If you are in the market for a semi truck, then you may find yourself visiting and revisiting certain heavy duty truck lots for just the right truck. Before you jump the gun and make an offer on a truck that appears to be attractive and functional, you may want to perform some operational tests of your own. This is typically allowed by law, but more commonly performed by a mechanic. However, if you have already done some of these tests yourself, and you have the tools to do them, you can and should do all of the following.
Tire Pressure Meter and Tread Depth
These two tests check the health and wellness of the tires on the truck you want to buy. Tire pressure and tread are essential to these massive trucks as they help bear the weight of the truck over the ground and the tires can easily blow out if the tread and/or the pressure is not right. A tire pressure meter looks like a little stick with an air hose decompression head. When pressed over the top of each valve of tire, a little bit of air is released and a metering stick inside this tool springs out with several lines and numbers on it. You have to read the number that lines up with the opposite end of the stick to see if the pressure in the tires is adequate. Tire tread on semi tires can be tested with a simple quarter. When the quarter is placed into the tread lines, most of the quarter should disappear into the tire treads.

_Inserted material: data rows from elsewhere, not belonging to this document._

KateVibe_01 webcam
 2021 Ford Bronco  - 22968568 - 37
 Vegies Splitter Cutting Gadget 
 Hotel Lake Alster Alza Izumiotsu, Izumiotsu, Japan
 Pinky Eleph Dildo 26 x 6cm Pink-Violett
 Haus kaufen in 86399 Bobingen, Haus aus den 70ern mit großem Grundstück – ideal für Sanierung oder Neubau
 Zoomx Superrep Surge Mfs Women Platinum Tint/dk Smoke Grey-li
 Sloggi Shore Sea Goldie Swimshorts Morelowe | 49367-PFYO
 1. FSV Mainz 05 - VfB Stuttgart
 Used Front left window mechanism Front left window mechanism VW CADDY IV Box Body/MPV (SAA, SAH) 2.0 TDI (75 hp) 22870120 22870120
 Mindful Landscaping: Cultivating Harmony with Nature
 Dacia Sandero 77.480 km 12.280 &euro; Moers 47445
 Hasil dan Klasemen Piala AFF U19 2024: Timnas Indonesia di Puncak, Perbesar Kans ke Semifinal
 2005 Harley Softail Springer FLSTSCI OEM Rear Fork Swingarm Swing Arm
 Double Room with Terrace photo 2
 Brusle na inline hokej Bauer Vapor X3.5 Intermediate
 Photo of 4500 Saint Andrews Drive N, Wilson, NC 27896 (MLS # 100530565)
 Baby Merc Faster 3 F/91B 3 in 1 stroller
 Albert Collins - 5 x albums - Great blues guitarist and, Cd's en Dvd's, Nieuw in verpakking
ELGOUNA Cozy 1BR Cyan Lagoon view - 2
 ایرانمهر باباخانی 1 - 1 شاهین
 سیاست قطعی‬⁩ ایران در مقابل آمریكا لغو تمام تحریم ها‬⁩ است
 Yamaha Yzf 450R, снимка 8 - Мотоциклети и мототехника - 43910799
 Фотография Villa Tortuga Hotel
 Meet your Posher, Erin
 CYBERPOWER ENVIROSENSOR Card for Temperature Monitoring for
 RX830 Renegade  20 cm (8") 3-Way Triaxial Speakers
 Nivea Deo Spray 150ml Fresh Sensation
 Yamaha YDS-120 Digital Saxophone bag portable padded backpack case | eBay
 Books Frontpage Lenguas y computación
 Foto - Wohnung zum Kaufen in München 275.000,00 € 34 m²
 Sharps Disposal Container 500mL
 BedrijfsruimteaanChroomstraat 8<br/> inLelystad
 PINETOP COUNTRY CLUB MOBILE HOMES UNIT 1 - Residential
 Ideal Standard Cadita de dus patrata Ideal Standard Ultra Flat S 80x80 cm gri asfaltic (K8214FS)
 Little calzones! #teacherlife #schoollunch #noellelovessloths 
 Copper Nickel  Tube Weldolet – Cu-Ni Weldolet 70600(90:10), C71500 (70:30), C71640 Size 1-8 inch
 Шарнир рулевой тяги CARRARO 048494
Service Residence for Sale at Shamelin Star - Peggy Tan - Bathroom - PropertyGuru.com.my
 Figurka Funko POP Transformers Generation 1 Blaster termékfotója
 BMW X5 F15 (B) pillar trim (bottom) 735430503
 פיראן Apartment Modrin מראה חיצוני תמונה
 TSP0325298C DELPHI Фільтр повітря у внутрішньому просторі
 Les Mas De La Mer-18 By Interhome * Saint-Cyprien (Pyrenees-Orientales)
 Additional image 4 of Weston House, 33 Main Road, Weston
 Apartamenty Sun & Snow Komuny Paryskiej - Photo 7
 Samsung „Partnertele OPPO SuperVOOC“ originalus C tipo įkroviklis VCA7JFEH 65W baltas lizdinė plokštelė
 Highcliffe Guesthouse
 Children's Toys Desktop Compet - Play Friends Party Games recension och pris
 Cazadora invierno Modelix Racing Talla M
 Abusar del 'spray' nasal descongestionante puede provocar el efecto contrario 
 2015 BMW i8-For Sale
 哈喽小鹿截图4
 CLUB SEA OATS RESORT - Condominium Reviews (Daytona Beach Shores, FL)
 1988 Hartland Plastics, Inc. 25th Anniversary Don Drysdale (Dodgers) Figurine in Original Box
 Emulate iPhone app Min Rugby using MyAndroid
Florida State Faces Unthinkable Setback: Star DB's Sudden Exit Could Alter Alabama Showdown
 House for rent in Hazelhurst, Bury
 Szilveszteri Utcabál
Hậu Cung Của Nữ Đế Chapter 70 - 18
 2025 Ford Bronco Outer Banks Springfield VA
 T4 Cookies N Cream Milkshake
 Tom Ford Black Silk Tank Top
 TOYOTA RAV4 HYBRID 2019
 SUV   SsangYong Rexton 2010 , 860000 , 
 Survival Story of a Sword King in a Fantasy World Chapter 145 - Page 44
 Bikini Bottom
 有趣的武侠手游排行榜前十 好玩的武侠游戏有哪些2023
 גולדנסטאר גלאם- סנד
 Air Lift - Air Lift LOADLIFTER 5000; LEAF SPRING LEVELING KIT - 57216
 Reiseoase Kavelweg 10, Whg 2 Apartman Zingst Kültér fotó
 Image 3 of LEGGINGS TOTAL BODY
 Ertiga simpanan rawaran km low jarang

Basic, Portable Diagnostic Machine
A basic diagnostic machine, preferably one that is portable, can be hooked up to the truck's battery and on-board computer systems. This handy device can tell you a lot about the truck's engine and whether or not the dealer's asking price is fair or you need to haggle the price down before purchasing this semi truck. Sometimes it helps to show the dealer what the portable diagnostic device says about the truck so that he or she understands why you are going to haggle the price down. Since you have the proof right there that the truck may need some repairs, you can either bargain to have those repairs made before you purchase the truck, or ask for the costs of those repairs to be knocked off the price of the truck.